▶ **REQUIREMENT**
Each entry below must be given again word for word, with no pictures.

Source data
**********

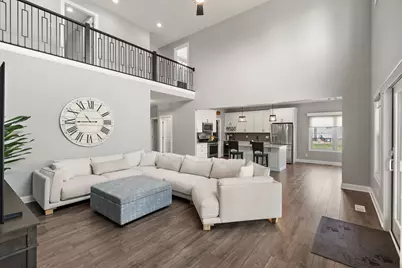 512 W Joliet Street, Crown Point, IN 46307 - Photo 9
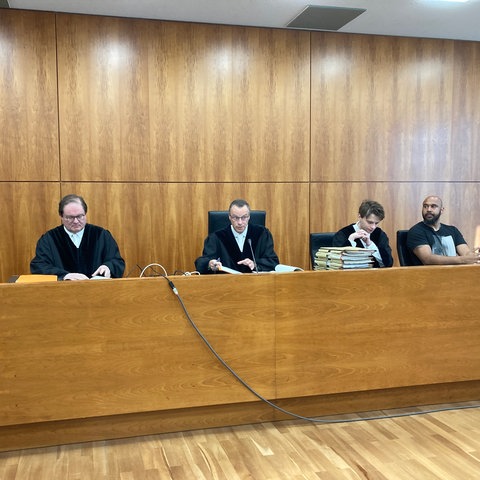 Vier Verteter der 1. Große Jugendkammer des Landgerichts Kassel sitzen um den Vorsitzenden Richter Jürgen Dreyer im Gerichtssal.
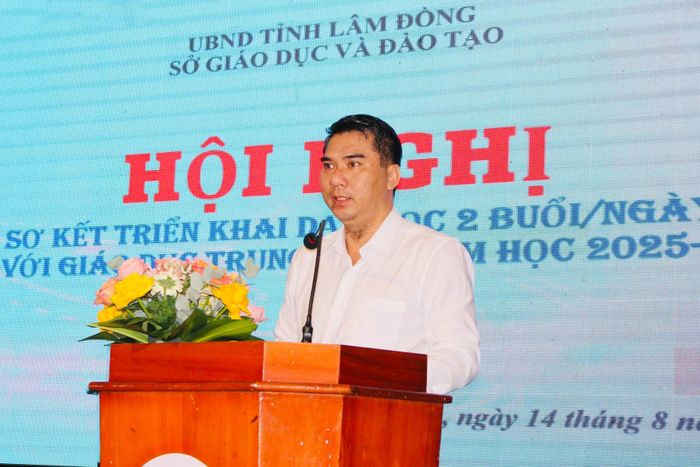 Ông Phan Thanh Hải, Phó Giám đốc Sở Giáo dục và Đào tạo phát biểu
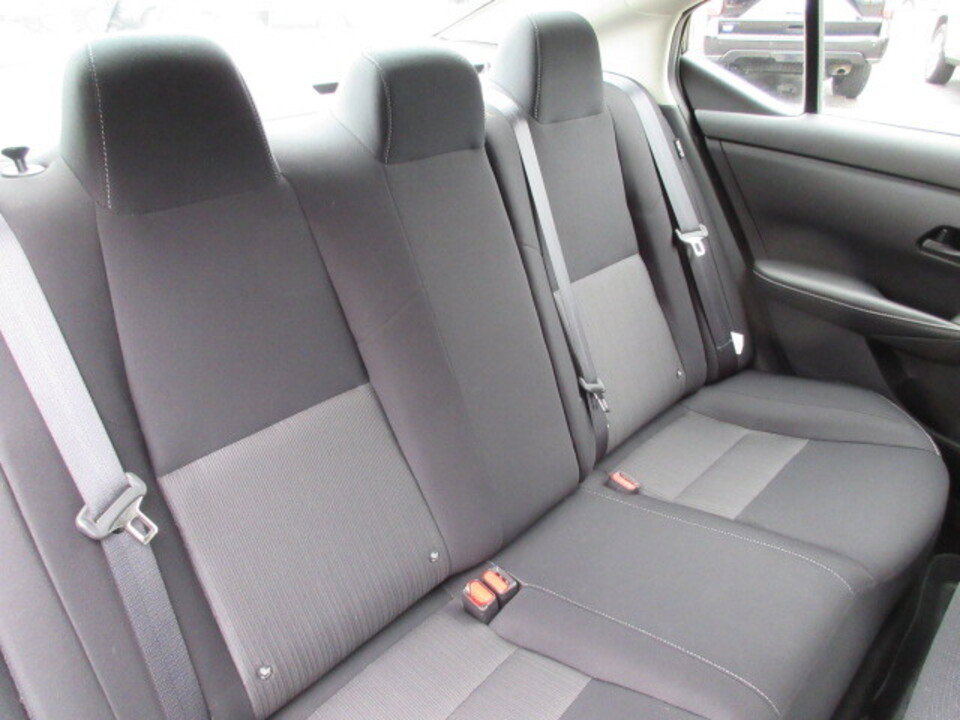 Used 2024 Nissan Sentra SV image 23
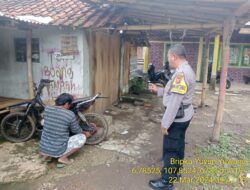 Piket Polsek Tanjungmedar Polres Sumedang Polda Jabar Tingkatkan Keamanan dengan Patroli Jalan Kaki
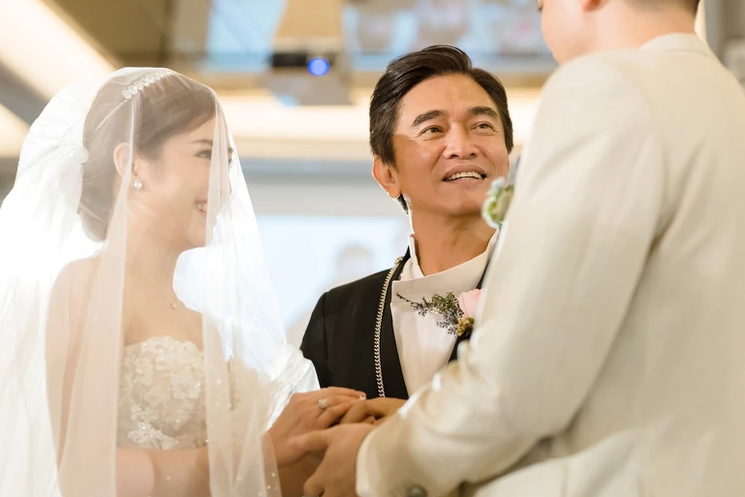 吴宗宪二女儿婚礼现场曝光!新郎被赞木讷,新娘赞爸爸是钢铁人休闲区蓝鸢梦想 - Www.slyday.coM 吴宗宪二女儿婚礼现场曝光!新郎被赞木讷,新娘赞爸爸是钢铁人休闲区蓝鸢梦想 - Www.slyday.coM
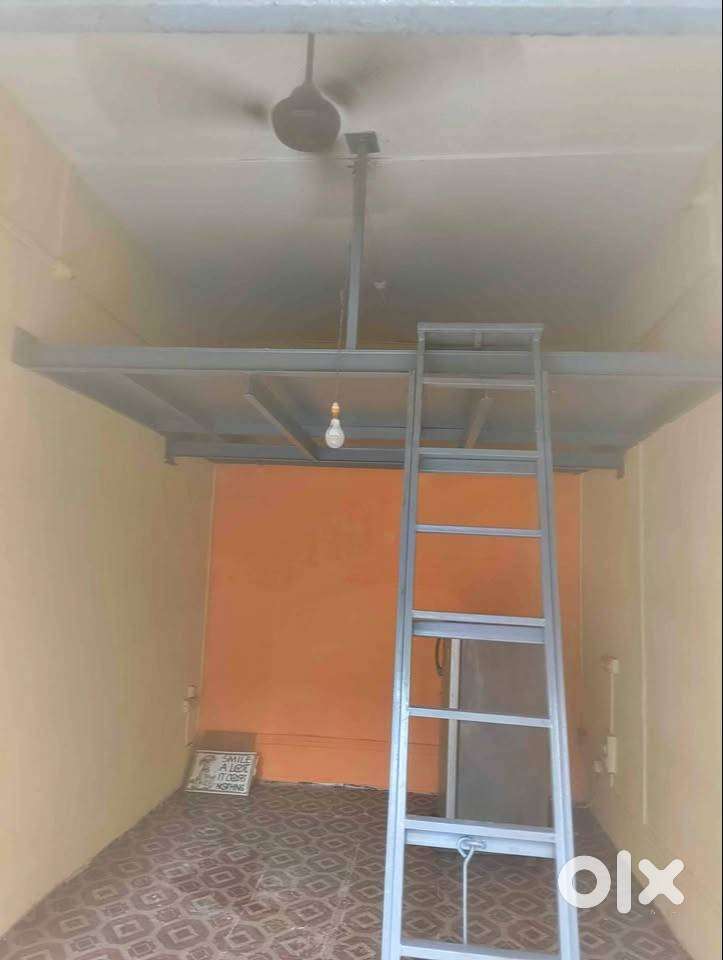 Unfurnished commercial/ shop space on rent at govandi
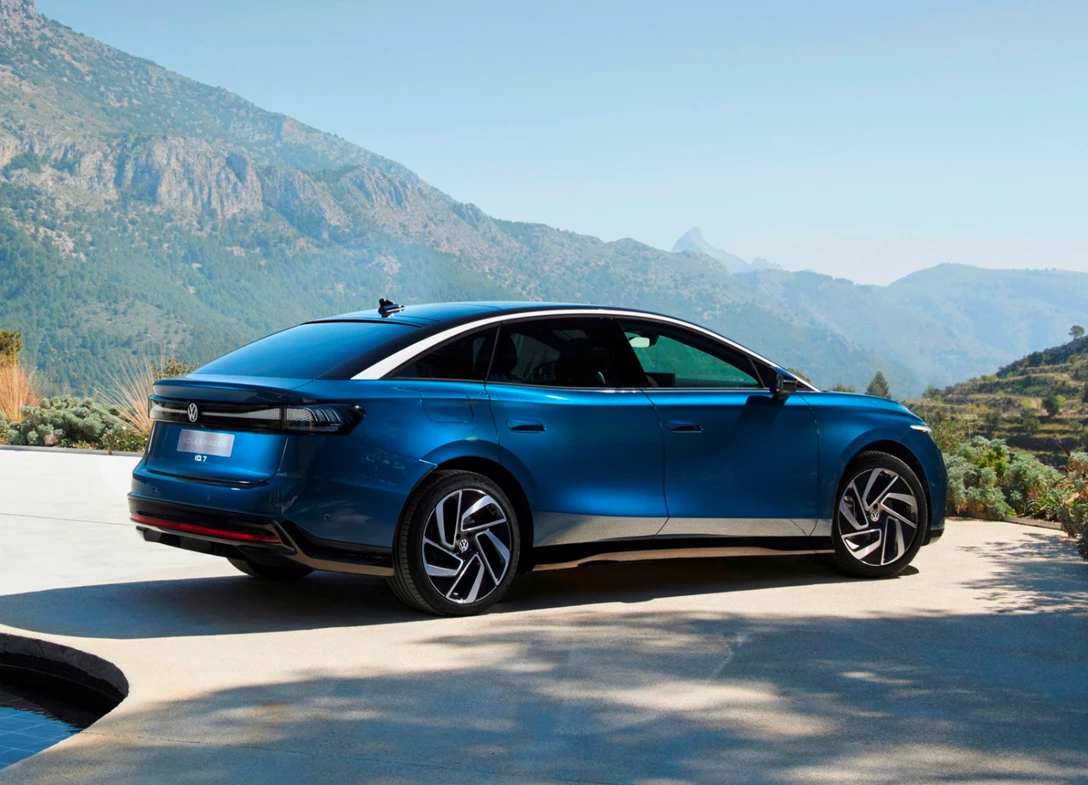 1703989-Volkswagen ID.7-2024-000.jpg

**********

▶ **THE ANSWER**
 512 W Joliet Street, Crown Point, IN 46307 - Photo 9
 Vier Verteter der 1. Große Jugendkammer des Landgerichts Kassel sitzen um den Vorsitzenden Richter Jürgen Dreyer im Gerichtssal.
 Ông Phan Thanh Hải, Phó Giám đốc Sở Giáo dục và Đào tạo phát biểu
 Used 2024 Nissan Sentra SV image 23
 Piket Polsek Tanjungmedar Polres Sumedang Polda Jabar Tingkatkan Keamanan dengan Patroli Jalan Kaki
 吴宗宪二女儿婚礼现场曝光!新郎被赞木讷,新娘赞爸爸是钢铁人休闲区蓝鸢梦想 - Www.slyday.coM 吴宗宪二女儿婚礼现场曝光!新郎被赞木讷,新娘赞爸爸是钢铁人休闲区蓝鸢梦想 - Www.slyday.coM
 Unfurnished commercial/ shop space on rent at govandi
 1703989-Volkswagen ID.7-2024-000.jpg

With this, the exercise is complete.